Through that group he plays an influential role in ensuring the consistency of regulatory outcomes, across the whole of the European Union.

It is a pleasure and a privilege to have him with us today.

In my role I often meet with telecommunications regulators from other countries.

In those discussions, we look at the similarities and the differences in our approaches to regulation.

As you would expect, issues of market structure and the use of market power to deter entry by competitors of the incumbent are similar in most countries.

Regulatory systems and their operating rules also are generally quite consistent on the role of regulation in ensuring that the competitive process is alive and well.

Where there are differences in regulatory approach, they are mostly the outcome of rather minor differences in public policy or in the particular legislative settings that the regulator is administering.

Regulators in European Union countries operate, for example, with policy directives set by the EU and binding on member countries.

A harmonising factor is therefore built into their approach that we don't share here in New Zealand and it may, of course, at times, produce differences of outcome.

On the other hand, it is also evident, comparing countries, that a large number of cases exist round the world where regulators take more or less identical approaches.

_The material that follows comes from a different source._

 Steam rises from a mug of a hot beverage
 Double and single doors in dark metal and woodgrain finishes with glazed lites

But perhaps surprisingly the outcomes prove to be substantially different.

In other cases, where policy settings are different, the outcomes can be remarkably similar.

Cross-country comparison is not a simple exercise. Comparison data is often static and does not present the dynamism of changes between periods.

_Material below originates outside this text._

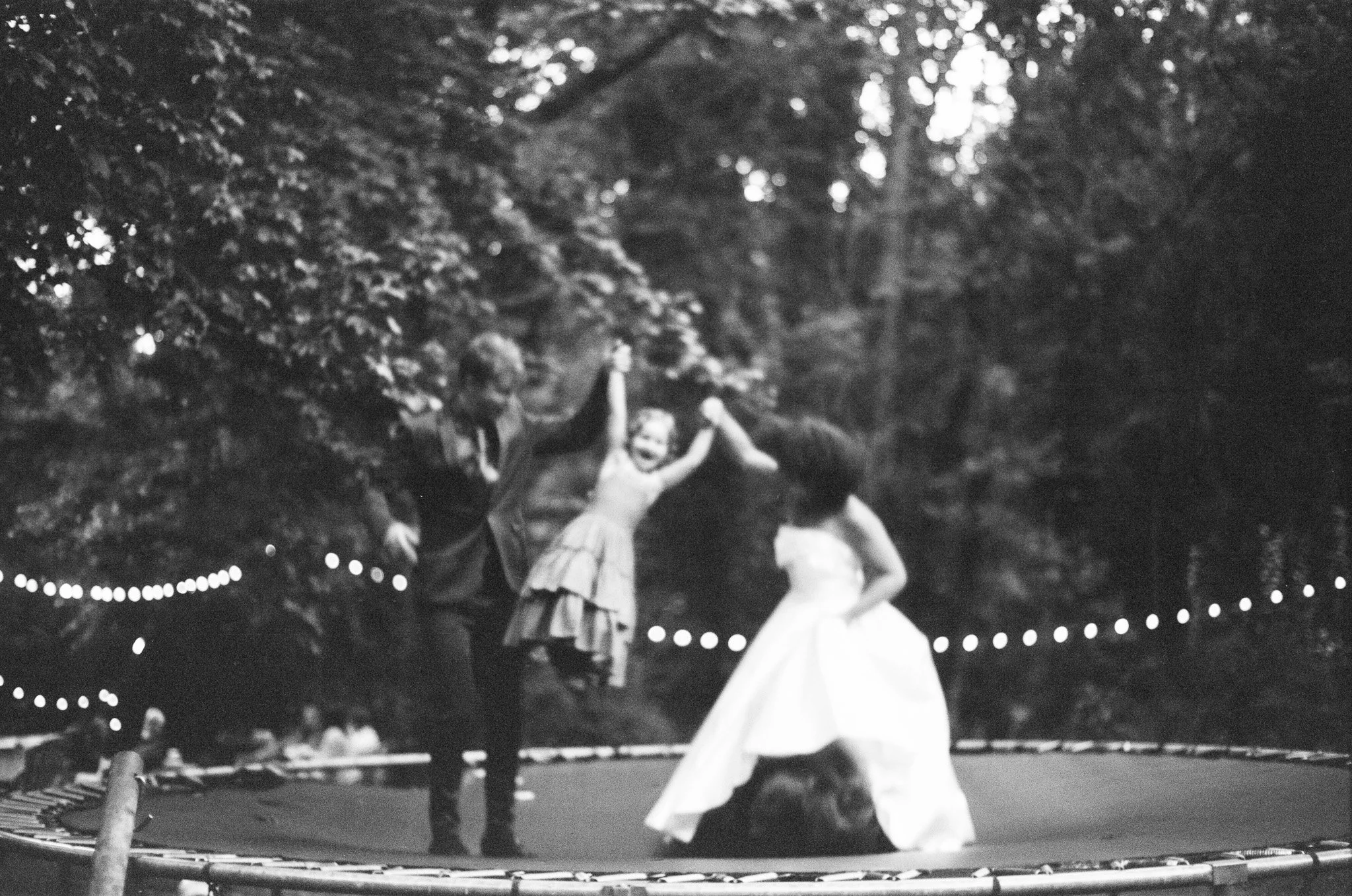 Black and white photo of children playing on a trampoline in an outdoor setting with trees in the background, surrounded by string lights.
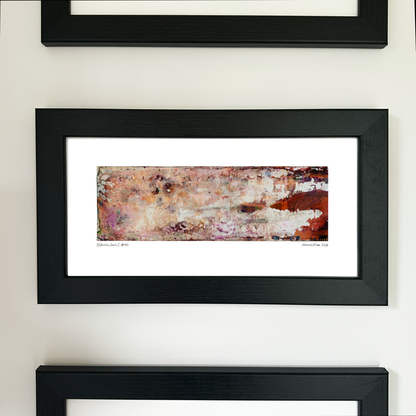 A framed abstract art print with a black frame and white mat, featuring Naturalia II #012 in pink, peach and orange tones, mounted on a white wall.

For example, South Korea and Hong Kong, both high performing countries in broadband penetration, are now showing very low growth rates and may have reached saturation levels.

New Zealand and Australia, by contrast, are regularly reported to be in the top ten countries in the world by rate of broadband growth.   Of course, that partly reflects our low starting point.

Our experience shows that cross-country comparisons can be used to support virtually any, and every, point anyone wants to make.

Which leaves the question of what are cross-country comparisons really good for?

They can only rarely provide you with easy answers, but they may help you ask more penetrating questions:

  •  Is what they offer a starting point for analysis?
  •  What's going on underneath these various comparators?
  •  What is really driving this set of outcomes?

Because for sure, in most cases, it's not going to be any one easily identifiable difference standing out from all the rest of the factors involved.

Far more often, it's some subtle combination of elements and factors that will, in most cases, be a very long way from transparent or self-explanatory.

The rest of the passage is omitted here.